Lo que empieza como una ocurrencia absurda —atravesar la ciudad de piscina en piscina— se convierte en una odisea contemporánea que desciende desde el brillo aspiracional del norte hasta las grietas del sur. En un monólogo vertiginoso, el protagonista reconstruye su gesta con la precisión de quien necesita convencernos… o convencerse a sí mismo.
A través de piscinas privadas, urbanizaciones, hospitales, espacios públicos y recuerdos, el relato se va descomponiendo: lo que parecía una hazaña deportiva deviene en un mapa político y emocional de la ciudad. Madrid ya no es solo un territorio, sino un sistema de valores: propiedad, éxito, imagen, deseo.
Entre la épica y la sátira, entre la euforia y el delirio, el nadador avanza impulsado por una idea obsesiva: que todo es posible si se sabe jugar al juego. Pero ¿qué ocurre cuando el recorrido revela que las reglas están trucadas?
Sobre la obraInspirada libremente en El nadador de John Cheever, esta pieza traslada aquella travesía suburbana al Madrid contemporáneo para convertirla en una fábula política sobre la identidad, el éxito y la construcción del relato.
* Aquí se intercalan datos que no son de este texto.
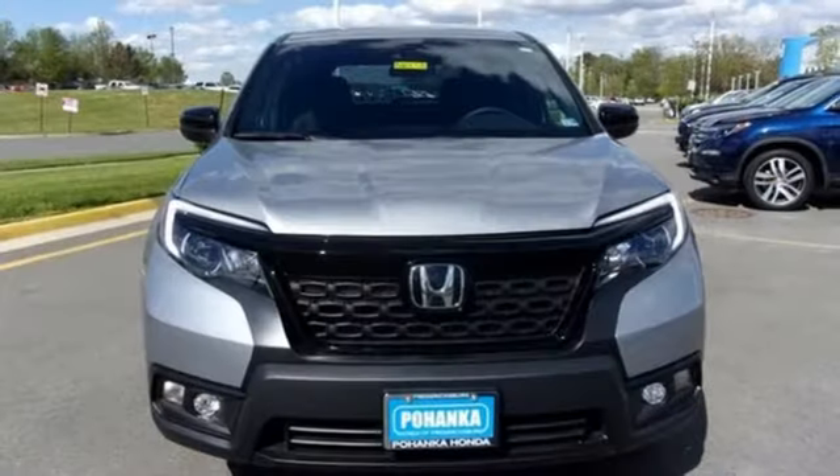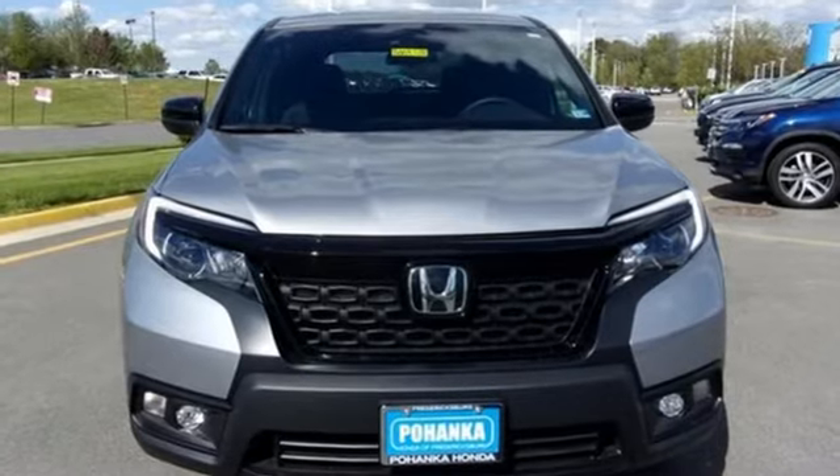Every Honda is designed with a driver in mind. See it for yourself when you take it for a test drive.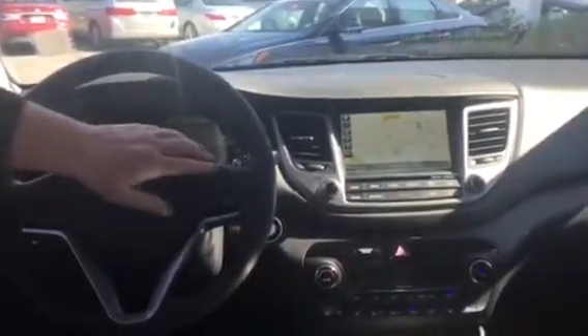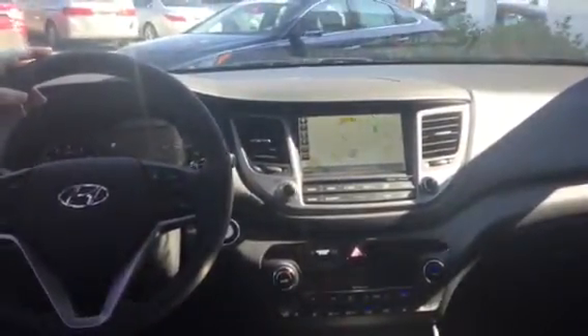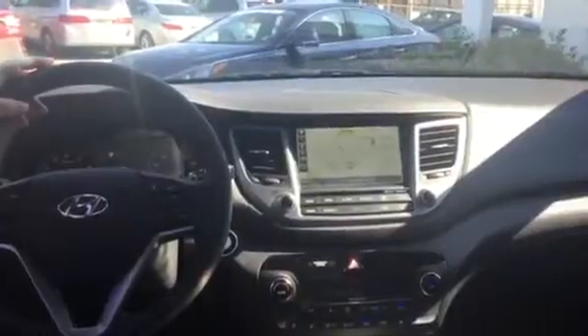On the steering wheel for safety and convenience you've got your radio controls, Bluetooth — I'll pair your phone before you drive off the lot — and cruise control. The buttons here actually toggle through the back display. This vehicle has navigation, backup cameras, and dual climate control.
El protagonista —un joven político brillante, carismático y profundamente performativo— narra su hazaña mientras proyecta documentos, imágenes y pruebas que, lejos de aclarar la historia, la vuelven cada vez más inestable. A medida que avanza el recorrido, también lo hace la sospecha: ¿qué parte de todo esto es real y qué parte es propaganda?
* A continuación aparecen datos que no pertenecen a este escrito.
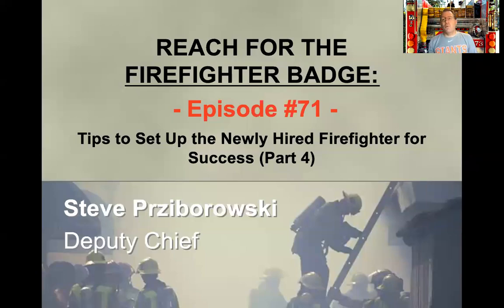Hey everybody, Steve Przbrowski here. Welcome to Episode 71 of Reach for the Firefighter Badge. Episode 71 is going to discuss more tips to help set up the newly hired firefighter for success. This is Part 4, and in the previous episodes we provided some other suggestions and ideas to make you the best you can be.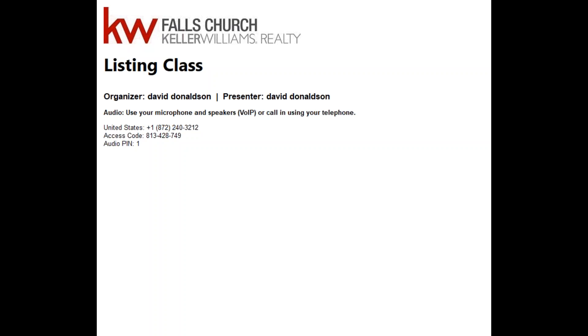A few things before I get started. There's a breadth of experience in here — some new agents, some agents that have been around for a while. We're kind of all across the spectrum, but I think the big picture of thinking about a listing presentation is: A, having a plan, and B, being able to execute it.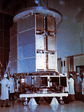HEA-01 included four X-ray and gamma-ray astronomy instruments, known as A-1, A-2, A-3, and A-4, respectively. The orbital inclination was about 22.7 degrees. HEA-01 re-entered the Earth's atmosphere on 15 March 1979.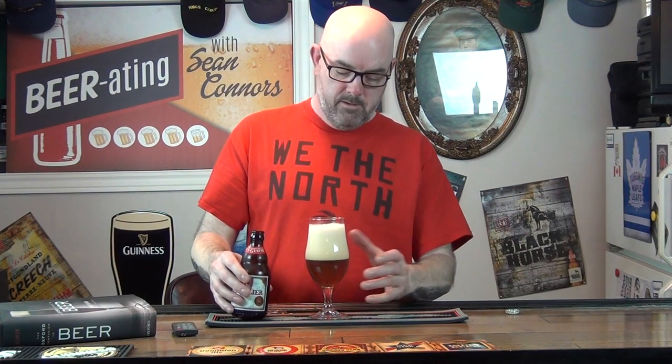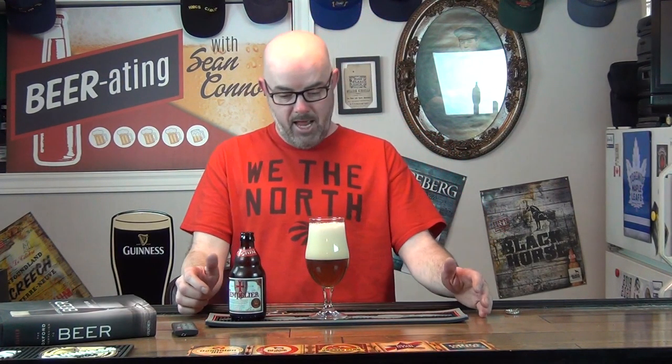Wow, quite a bit of head. I might have poured that correctly — I did have it on an angle — but as I said with the bottle conditioning you're going to get a second fermentation in the bottle, and from my understanding that results in a little bit of extra carbonation.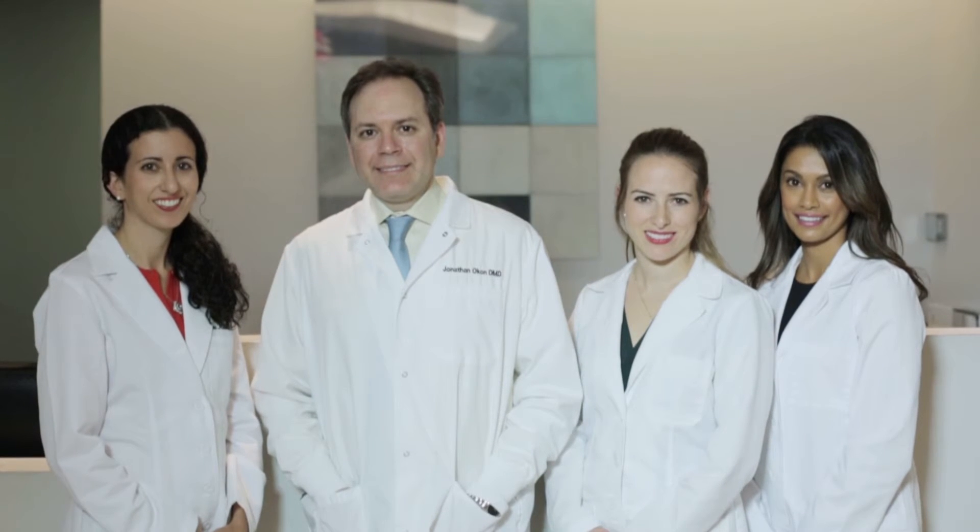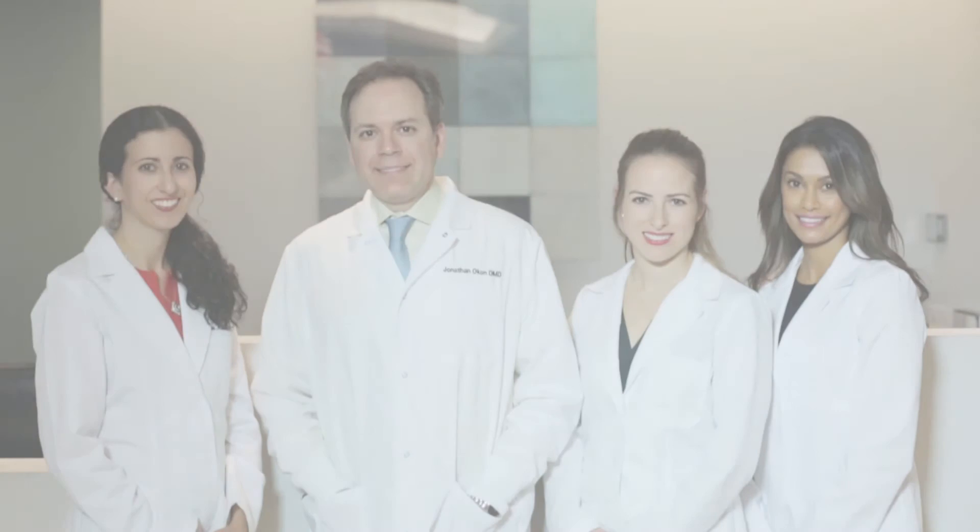If you would like to make an appointment, please give us a call or visit our website at madisondentalpc.com. We look forward to meeting you.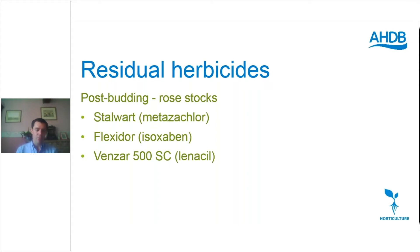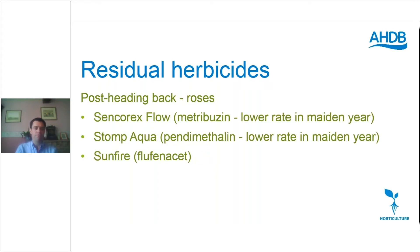For the post-budding top-up we're using metazachlor, Flexidor and also Benzar 500. Flexidor has had changes to its label in recent years — now only one application per crop, which is a limitation we have to work with. In budded crops it seems safest post budding; Synchrox can be used when the crop is really dormant. Then for post-heading-back the following spring while still dormant: Synchrox Flow again, also Stomp Aqua and Sunfire. We're using a lower rate of Synchrox Flow here because of potential root uptake during rapid growth in the maiden year, and Stomp Aqua at two litres — a slightly lower rate.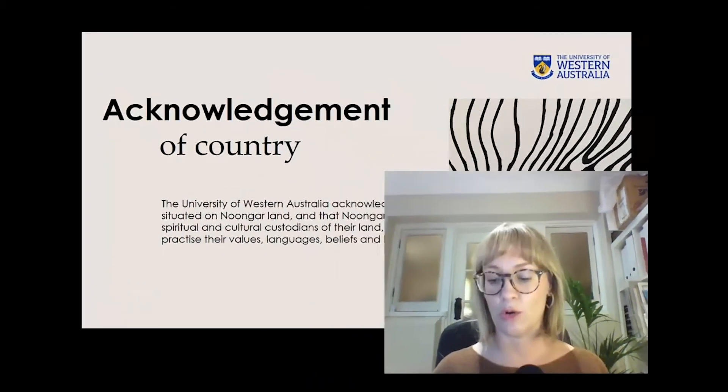The University of Western Australia acknowledges that its campus is situated on Noongar land, and that Noongar people remain the spiritual and cultural custodians of their land and continue to practice their values, languages, beliefs and knowledge.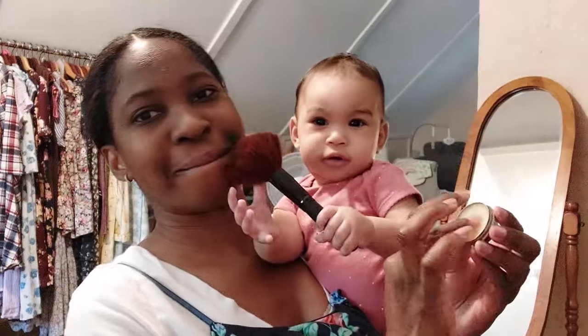Any other mom who tries to apply makeup with only one hand and avoid getting whacked with a makeup brush? My makeup routine is less than five minutes.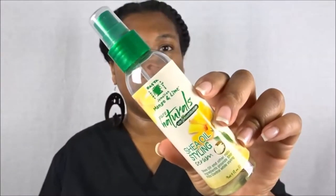Before I start the takedown, I always specify: if you're going to use an oil, try to use the oil that is actually inside of the products you used to set and style your hair, so we don't have any conflicts or changes in your takedown — it does make a big difference. This is the Jamaican Mango and Lime Pure Naturals Shea Oil Styling Serum. I love this product. Let's get into the takedown.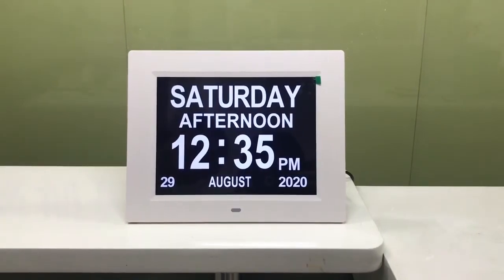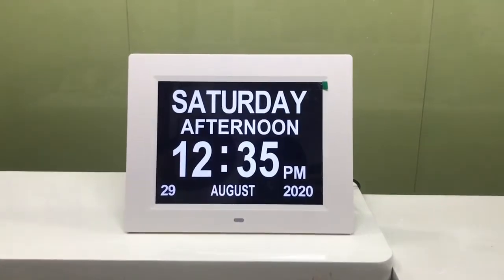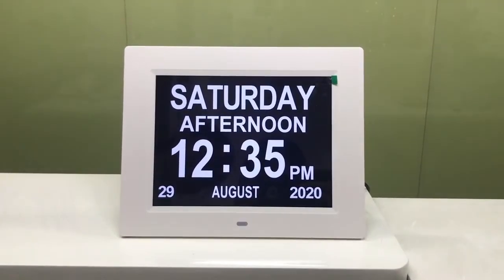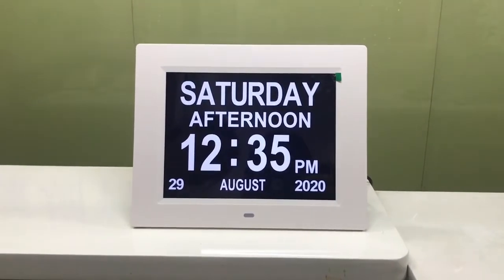Hi, this is an 8-inch digital clock from Shenzhen Pro's factory. This product has an IPS screen and high resolution. It can display clock, calendar, and time.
La obra despliega un juego escénico entre el narrador y su alter ego —un nadador ideal, apolíneo— que encarna la versión perfecta de sí mismo. Entre ambos se construye una sátira feroz sobre la masculinidad aspiracional, la autoimagen y la necesidad de éxito en una sociedad convertida en competición permanente.
Pero el verdadero territorio que se atraviesa no es Madrid, sino el imaginario colectivo de un país: la promesa de prosperidad ligada a la propiedad, el auge y caída de la cultura del ladrillo, la mercantilización de la vivienda, la gentrificación y la precariedad estructural. La piscina —símbolo de estatus, deseo y pertenencia— se convierte aquí en unidad de medida ideológica.
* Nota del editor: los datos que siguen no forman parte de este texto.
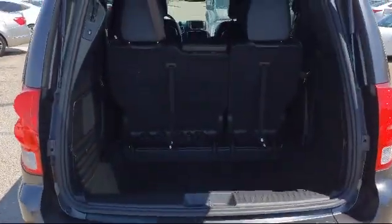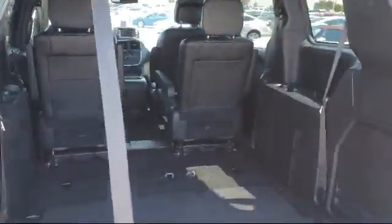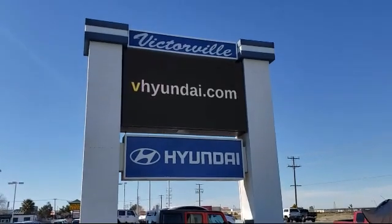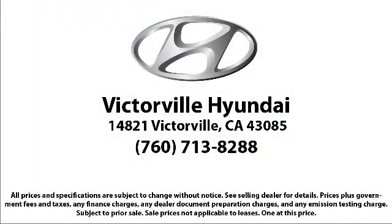So come see us today. Victorville Hyundai is located at 14821 Palmdale Road in Victorville. We'll see you next time.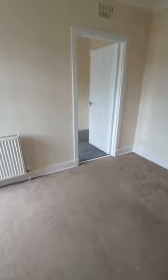As we go back into the living room, we have the second bedroom off here. This is a single room but still a good size.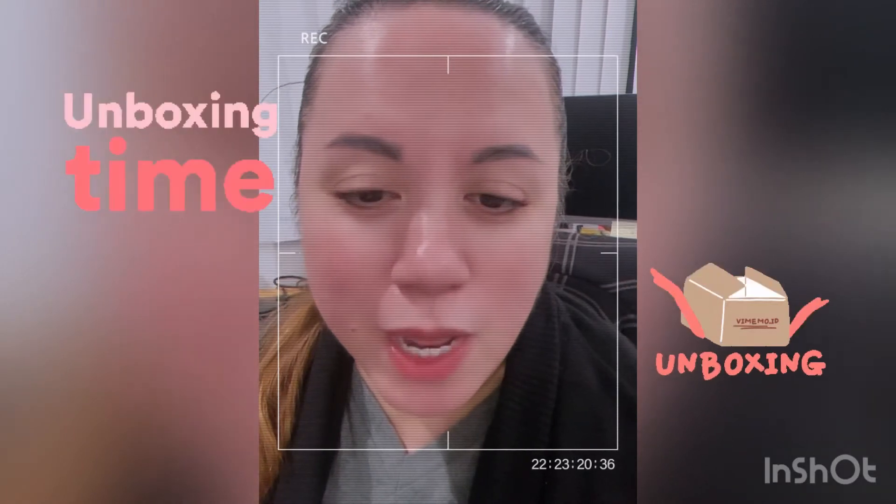So for tonight I'm going to do an unboxing of this package that I received this morning. I'm so excited to open it — I really had to control myself and not open it this morning. I'm going to do it tonight and I hope you guys will stay and watch my video, thank you.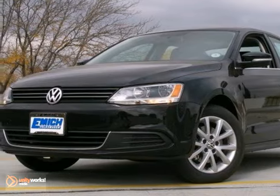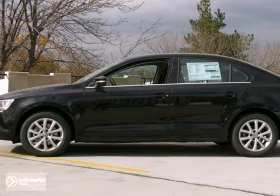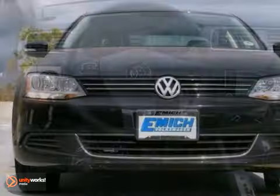Here's a 2013 Volkswagen Jetta SE. This vehicle has a lot to offer, including a CD player, heated seats, and brake assist. It also features stability control, heated mirrors, and a power moonroof.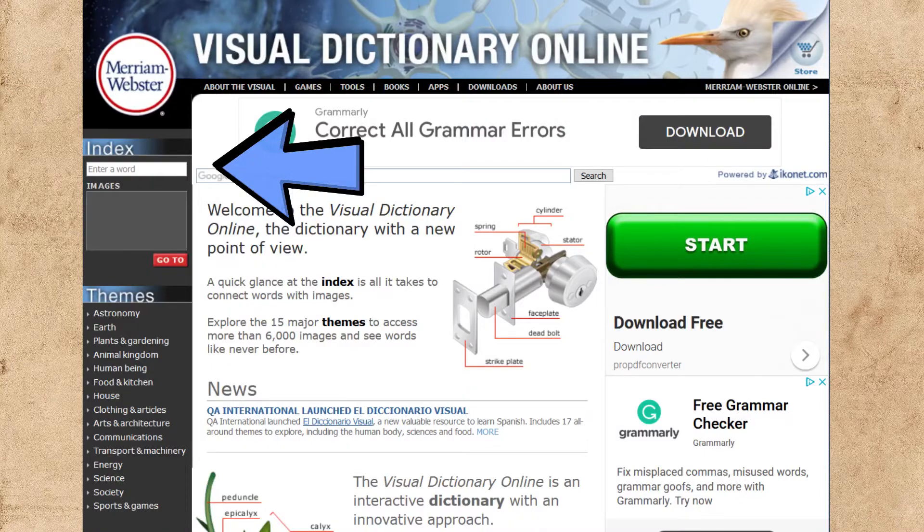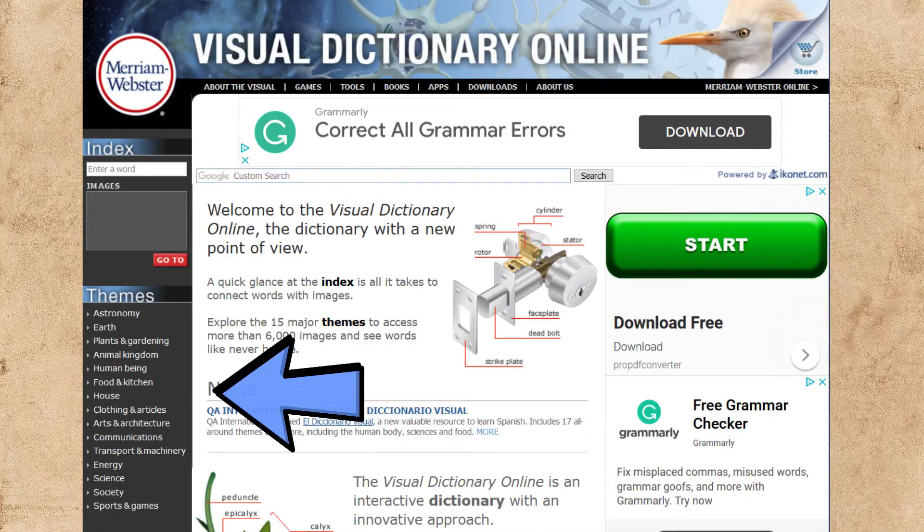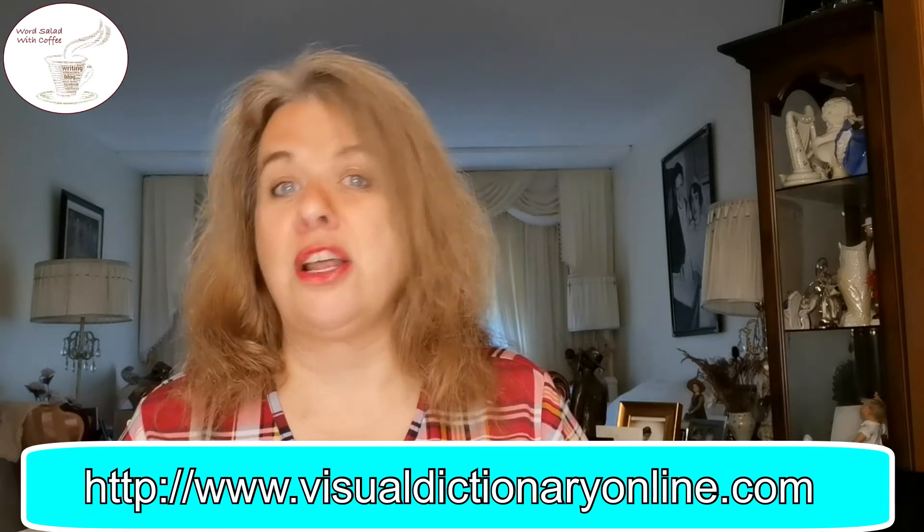While I loved my Oxford English Dictionary as a child, I don't ever recall browsing through it just for fun — I used it when I wanted to learn about a specific word. This visual dictionary is something you can browse just for the enjoyment of it. You can look for something specific in the search bar, or you can take a look through these categories. It's informative and it's a lot of fun.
Con humor ácido, referencias a la historia política reciente y una progresiva deriva hacia lo inquietante, la obra desmonta el relato neoliberal desde dentro: mostrando cómo se fabrica, cómo se sostiene y qué violencia oculta.
Porque, al final, la pregunta no es si el protagonista logrará llegar a casa. La pregunta es: ¿qué casa? ¿la de quién? ¿y a qué precio?